I don't work with corporate-like businesses, I work with people. This goes for the growers and also for distributors I collaborate with. This is how I like to do business! This gives me a good feeling and closes the circle opened by the growers, who are viticulturists and winemakers, people who work the land and make their own wine.
I understand you split your time between New York and Germany. How does that time in Europe influence your decisions as a US importer?
I spend much more time in the US than in Europe, 65% - 35%. I moved to Germany because of 9/11 and decided to stay because of the high standard of life I could offer to my son.
I fly to Germany once a month for about two to three weeks. During this time I always take about four days to visit a wine region in one of the countries I work with in Europe. If you look at my book, about 45% is French and I go a lot to France.
This year I have been very focused on adding more Italian producers to my portfolio, and so far I have been to Italy six times.
As for my decisions, it is all done by reading all types of wine blogs and articles in the native languages of the winemakers, until I have all the information I need to contact the producers I wish to visit.
I came to your first portfolio show ten or so years ago, and I remember tasting wines from Jura for the first time and being totally blown away. I hadn't even heard of Jura then. It's since become a major region for US wine lovers. What has that been like, seeing a whole region rise to prominence after being neglected for so long?
I came across the wines from Jura in 2003 at Restaurant Arpege, a great three-star restaurant in Paris. The sommelier asked me if I wanted to have the tasting menu paired with wines from this region. I was fascinated by the wines. Although I already new the different styles of Savagnin, I was totally surprised by the high quality of the reds which I had never had, and also the Melon.

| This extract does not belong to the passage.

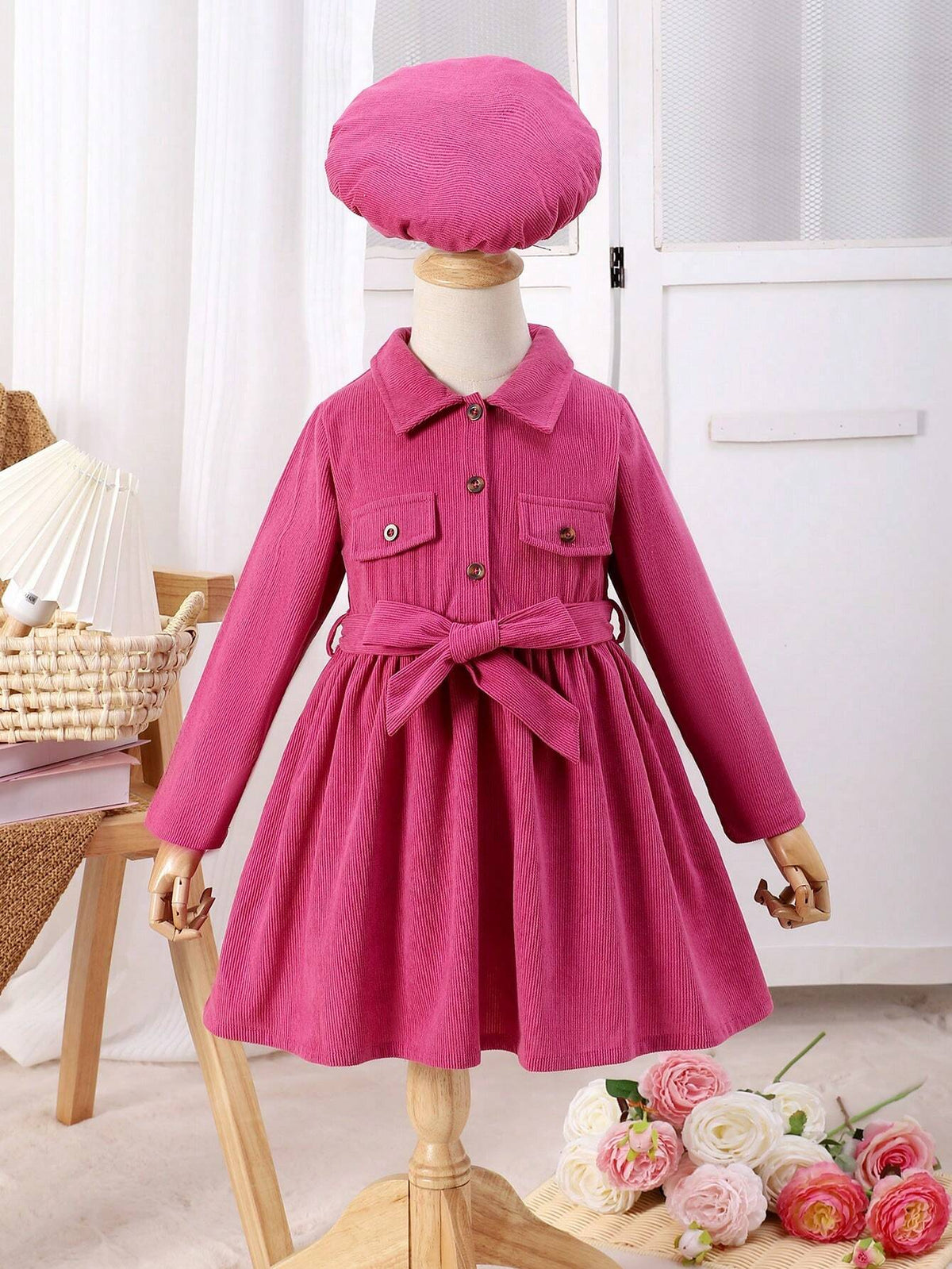 Girls Casual Long Sleeve Lapel Half-Placket Button Dress + Belt + Hat, Girls Casual Long Sleeve Dress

I worked for some of the most celebrated chefs in NY and consequently I have had the chance to taste/drink some of the best wines produced in the world. When I decided to become an importer, my vision was to find wines of good quality that did not need to cost so much, like the wines I always worked with. Jura is the true example of that. Likewise there are still many regions out there producing great quality, well-priced wines to be discovered: Galicia, Baden, Lombardia, Costa Toscana, Basilicata, Dão, etc.
Your portfolio has grown and changed in the ten years you've been in business. What about your work has changed? What has not changed?
Twenty years ago we could not consider drinking good quality wines from half as many regions as we do now. This is very exciting! I always like discovering a new region, a wine produced from a varietal I did not know.
I love to travel and fortunately I speak many languages, which is a real plus when it comes to visiting and working with growers from a new country. This is something that has changed in the past four years — I started to work with Italy, Portugal, and Spain, whereas before I was mostly concentrated in France and Germany.
What has not changed is my liking for high-toned wines, elegance and finesse over power and extraction. To me, high-toned wines are what harmonize with our foods. We're not eating food the way we were in the 19th century, heavy reductions and so on. So our wines should reflect that.
Wine and food is like listening to music, it's a feeling. When you sit in the chair you should vibrate.